Fred Klein (8 April 1898 – 25 April 1990) was a Dutch painter who spent much of his life in France.  Born Friedrich Franz Albert Klein in Bandung, Indonesia, he was known in the Netherlands under the name of Frits Klein and in France as Fred Klein.

He lived and worked in France beginning in 1920. His style was somewhat akin to Impressionism. A figurative painter of landscapes, he had exhibitions starting in 1930. He is known for his frequent depiction of horses and dreamy beach scenes. Dutch critics admired his work as did French ones, who often compared him to Odilon Redon. "[Klein] starts from a dream of colors from which the motif gradually takes shape.

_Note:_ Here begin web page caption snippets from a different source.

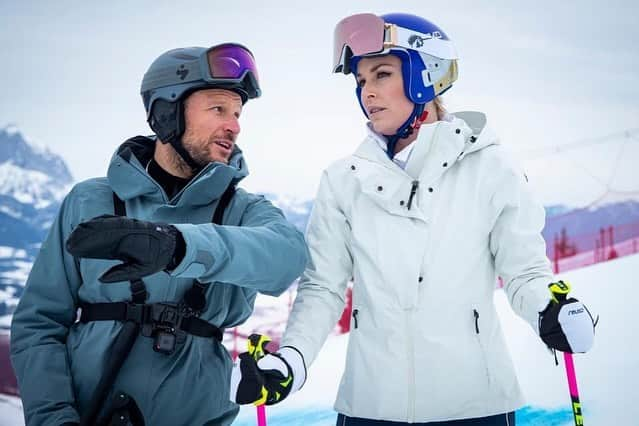 リンゼイ・ボンさんのインスタグラム写真 - (リンゼイ・ボンInstagram)「Experiencing the greatest ski race in the world in person is something I have always wanted to do. Even though I never got a chance to actually ski the “Streif,” my dear friend @asvindal gave me as close of a look as I could get... and even a quick 10 second race. Thank you Aksel and @redbull for this incredible experience. It made me SO happy and I am grateful for the opportunity. Also, very impressed with your skills @patrickdempsey. Now let’s race cars guys! #adrenalinejunkies」1月28日 23時06分 - lindseyvonn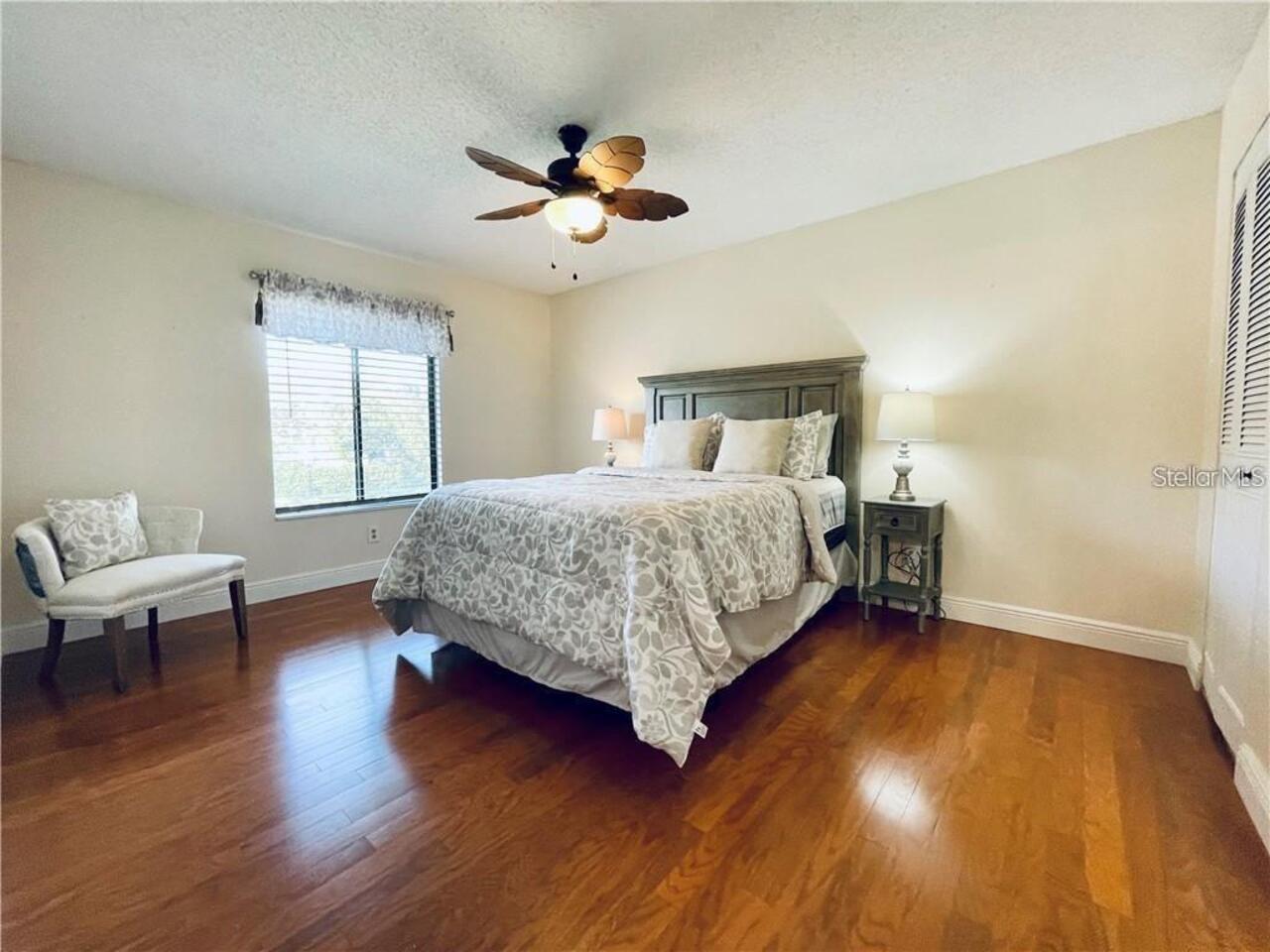 Listing Photo 14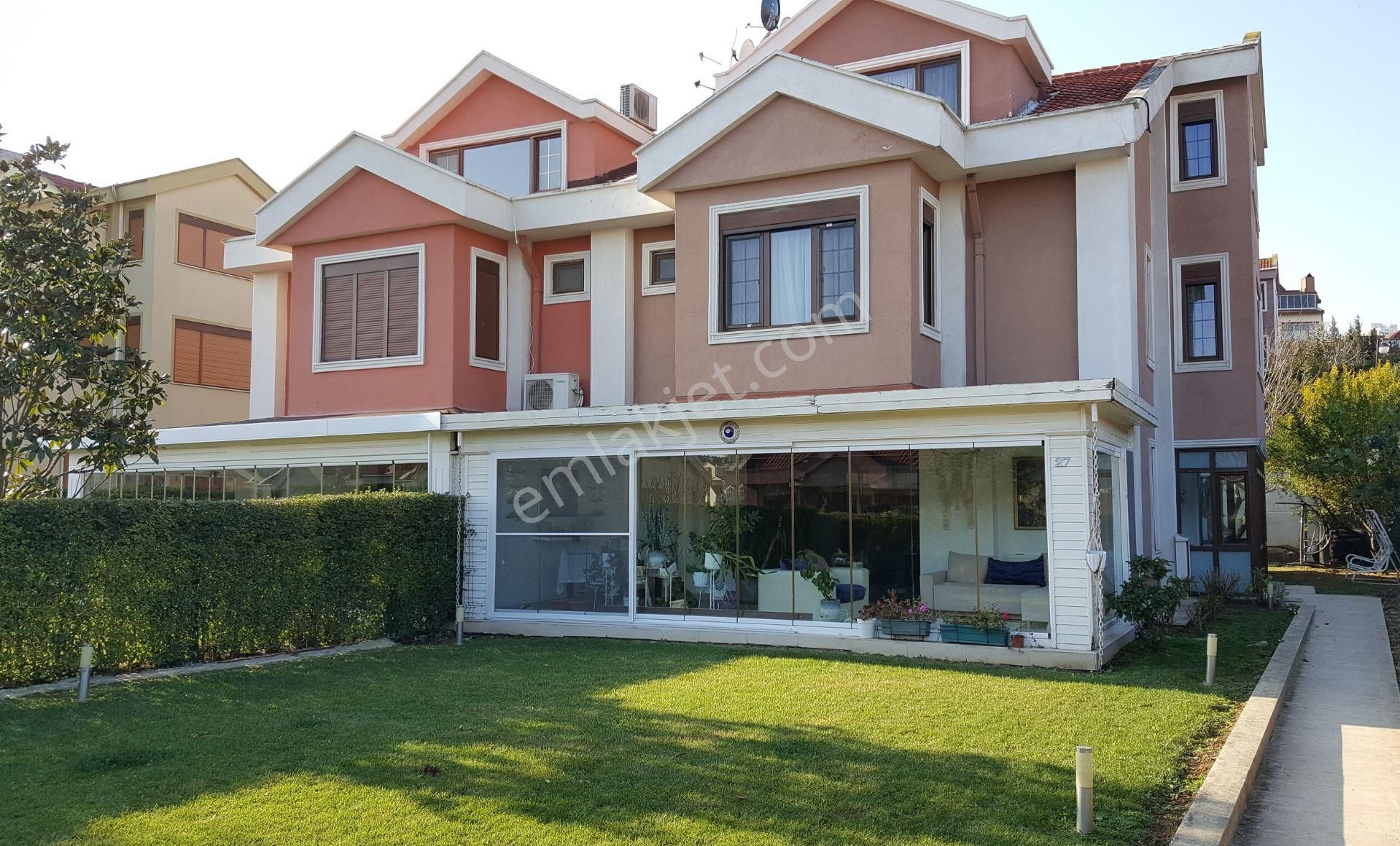 Başakşehir Bahçeşehir 2. Kısım Kiralık Villa  GARAJ_ HAVUZ_ GÜVENLİK_ ŞÖMİNE_ MÜSTAKİL BAHÇELİ_ TRİPLEX VİLLA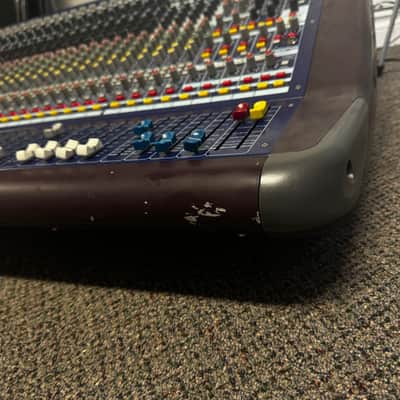 Midas Venice F32 32-Channel Console / FireWire Interface 2011 - 2016 - Blue image 4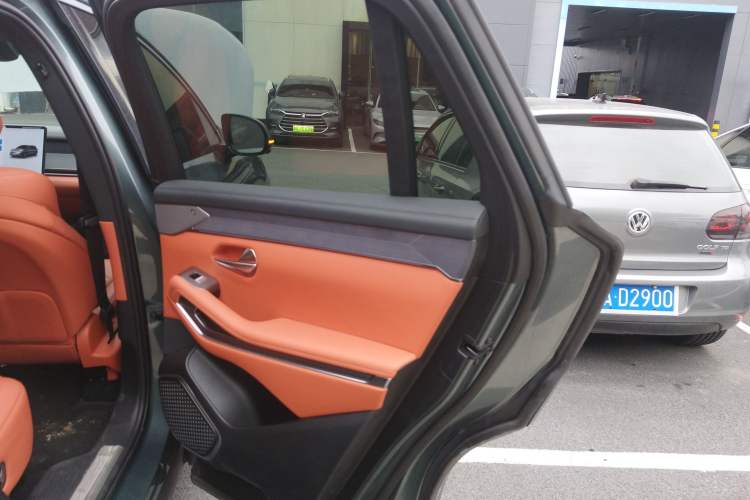 Used BYD Tang L 2025 DM 175KM Drone Player Edition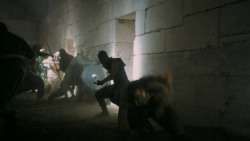 extant_GameOfThrones_5x04-SonsOfTheHarpy_4935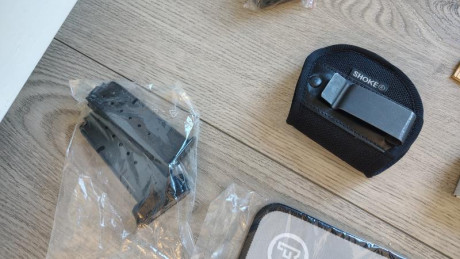 Me quito la F, vendo
una cz 75 customizada por Armería Martinez para ipsc, o standar, 2 cañones, cambiadas 70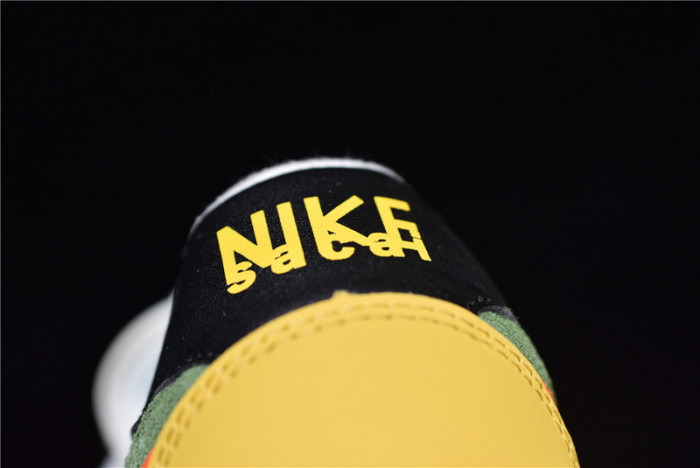 sacai x nike ldv waffle green gusto bv0073-300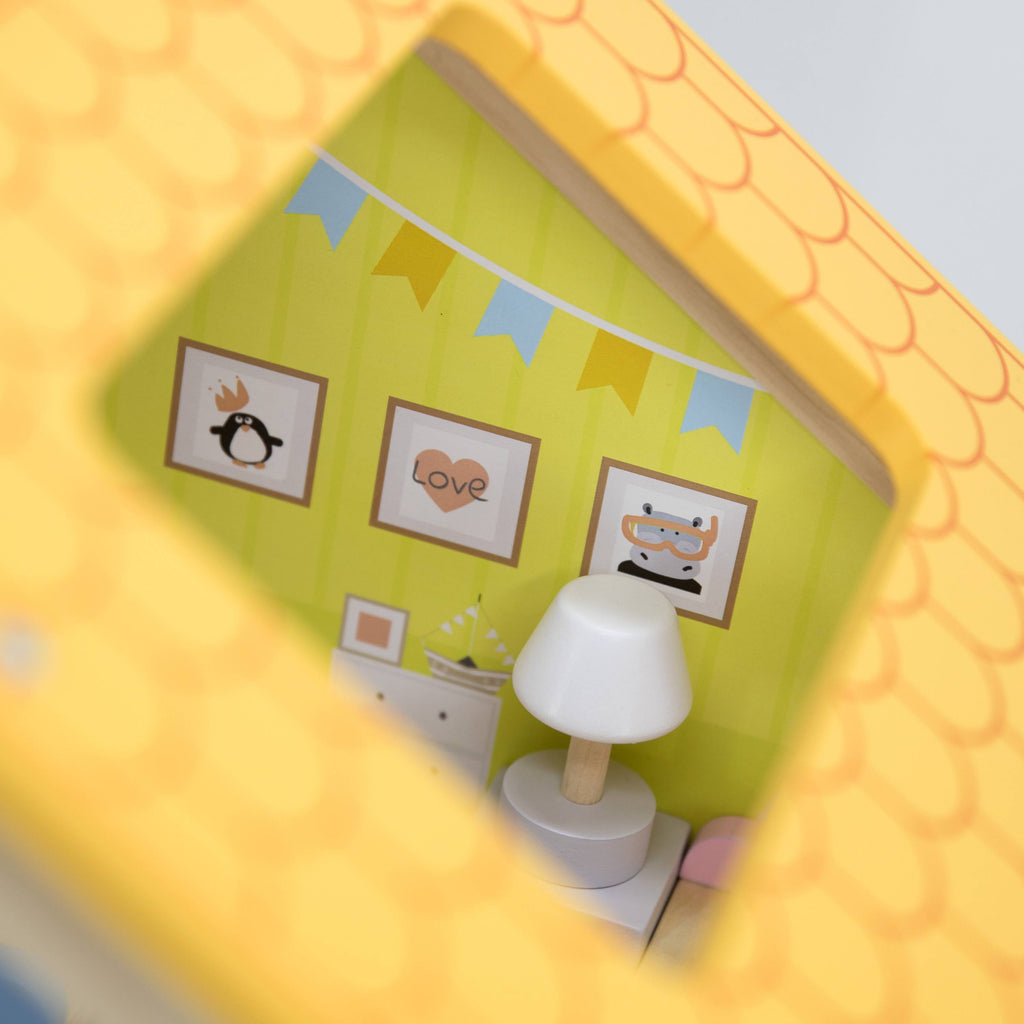 Family Dollhouse Set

Notwithstanding he still reverts to reality with this, albeit a dreamed up reality," one review concluded.

Klein's work was included in the 1939 exhibition and sale Onze Kunst van Heden (Our Art of Today) at the Rijksmuseum in Amsterdam.

On his 80th birthday, the Van Gogh Museum in Amsterdam held a retrospective of his work. In recent years, there has been renewed interest in his paintings, leading to a spike in prices.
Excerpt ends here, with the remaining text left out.